ASSIGNMENT
Everything from the line containing "Photo of Bathroom" to the last line of the material below must be retyped exactly, both ends included; skip the pictures.

PROVIDED DATA
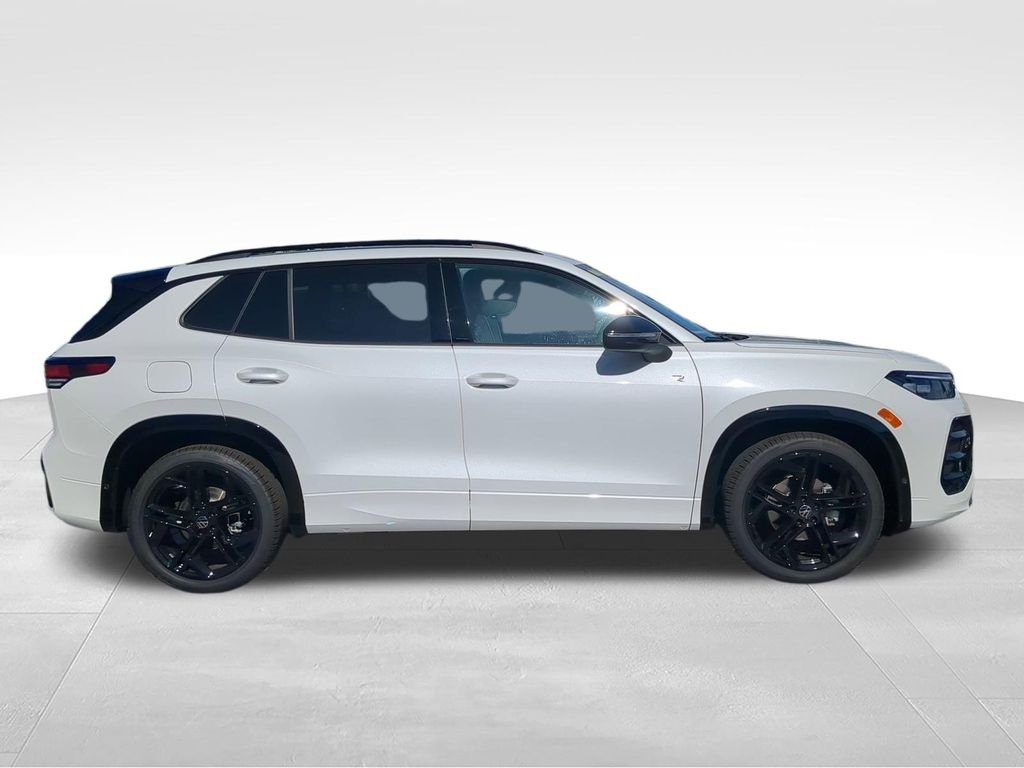 New 2026 White/off-white Volkswagen 2.0T SE R-Line Black image 3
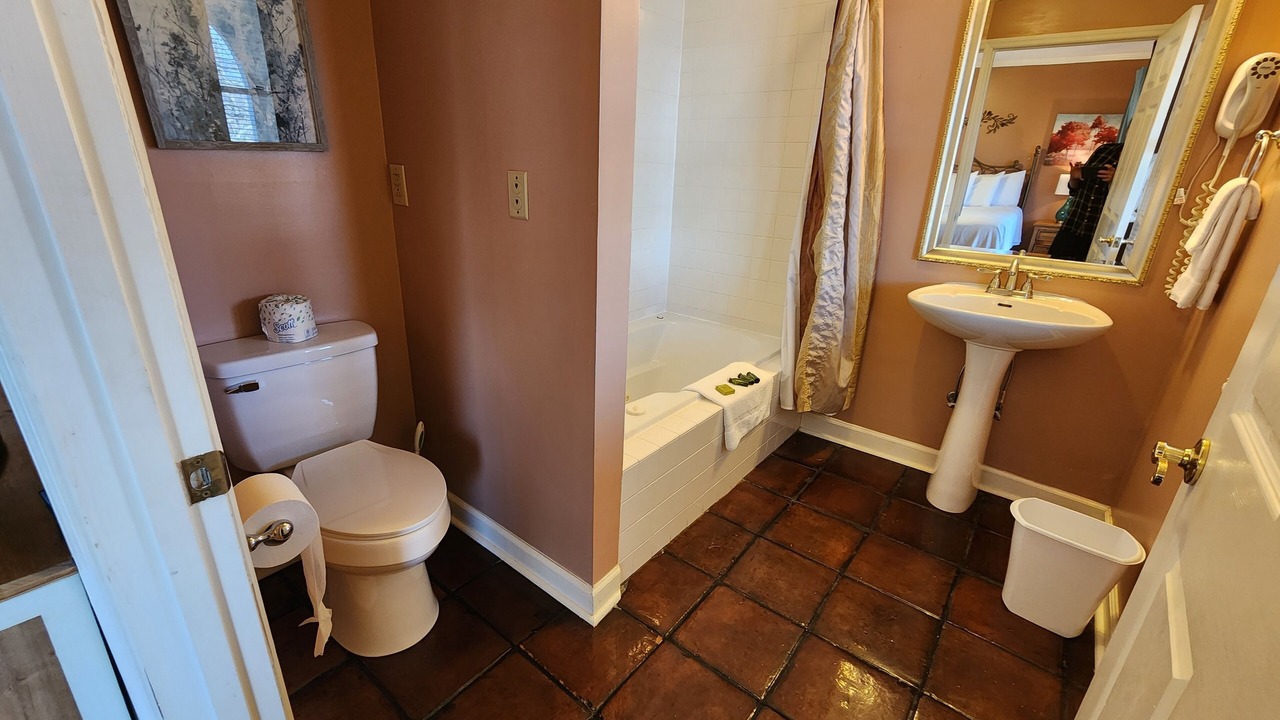 Photo of Bathroom in Lookout Valley Neighborhood Association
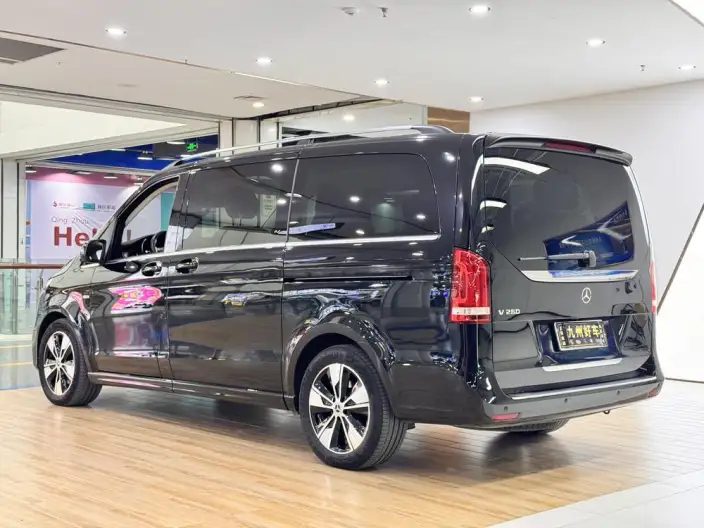 Mercedes-Benz V-Class 2022 Model V 260 Premium Edition – фото 5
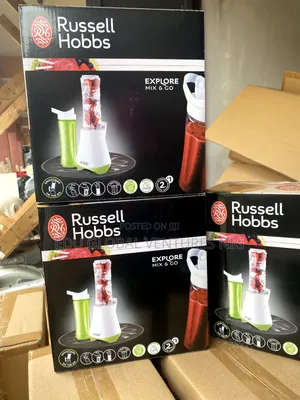 Russell Hobbs Mix and Go Smoothie Blender. 2 Bottles.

ANSWER TO THE EXERCISE
 Photo of Bathroom in Lookout Valley Neighborhood Association
 Mercedes-Benz V-Class 2022 Model V 260 Premium Edition – фото 5
 Russell Hobbs Mix and Go Smoothie Blender. 2 Bottles.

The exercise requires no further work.